/Quora-Insincere-Question-Classification

Kaggle's competition to classify questions as sincere or insincere.

Primary LanguageJupyter Notebook

Quora-Insincere-Question-Classification

Hits

quora

Quora is a platform that empowers people to learn from each other. On Quora, people can ask questions and connect with others who contribute unique insights and quality answers.

This is a Kaggle Competition : Quora Insincere Questions Classification.. We will be predicting whether a question asked on Quora is sincere or not.

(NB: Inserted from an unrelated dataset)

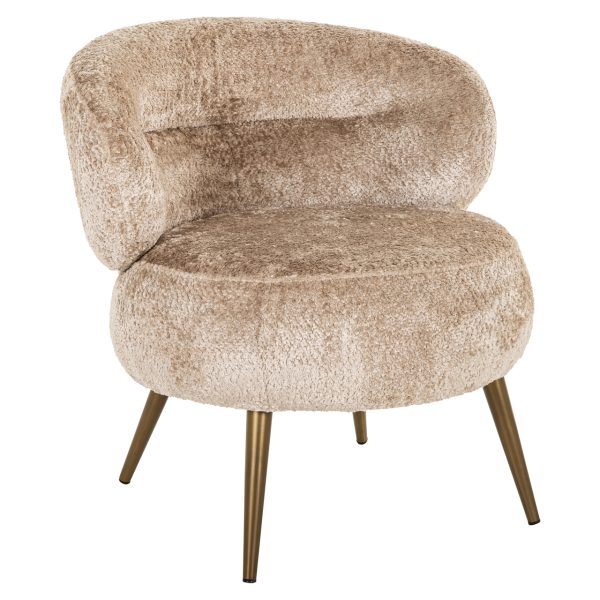 Lounge stoel Sabor sheep natural Richmond Interiors - Afbeelding 2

An insincere question is defined as a question intended to make a statement rather than look for helpful answers.

Dependencies

You can install dependencies by running the following command in colab notebook:

#To install pydrive
!pip install -U -q PyDrive

To download Kaggle dataset directly to google colab disk:

  1. Sign in to Kaggle.
  2. Download kaggle json file.
  3. In google colab, upload that file.
  4. Then install the required packages:
!pip install -q kaggle
!mkdir -p ~/.kaggle
!cp kaggle.json ~/.kaggle/
!ls ~/.kaggle

Now, you can download the dataset:

!kaggle competitions download -c quora-insincere-questions-classification

To install requests package:

!pip install requests

Dataset

There are Two datasets - 1) train data 2) Test data.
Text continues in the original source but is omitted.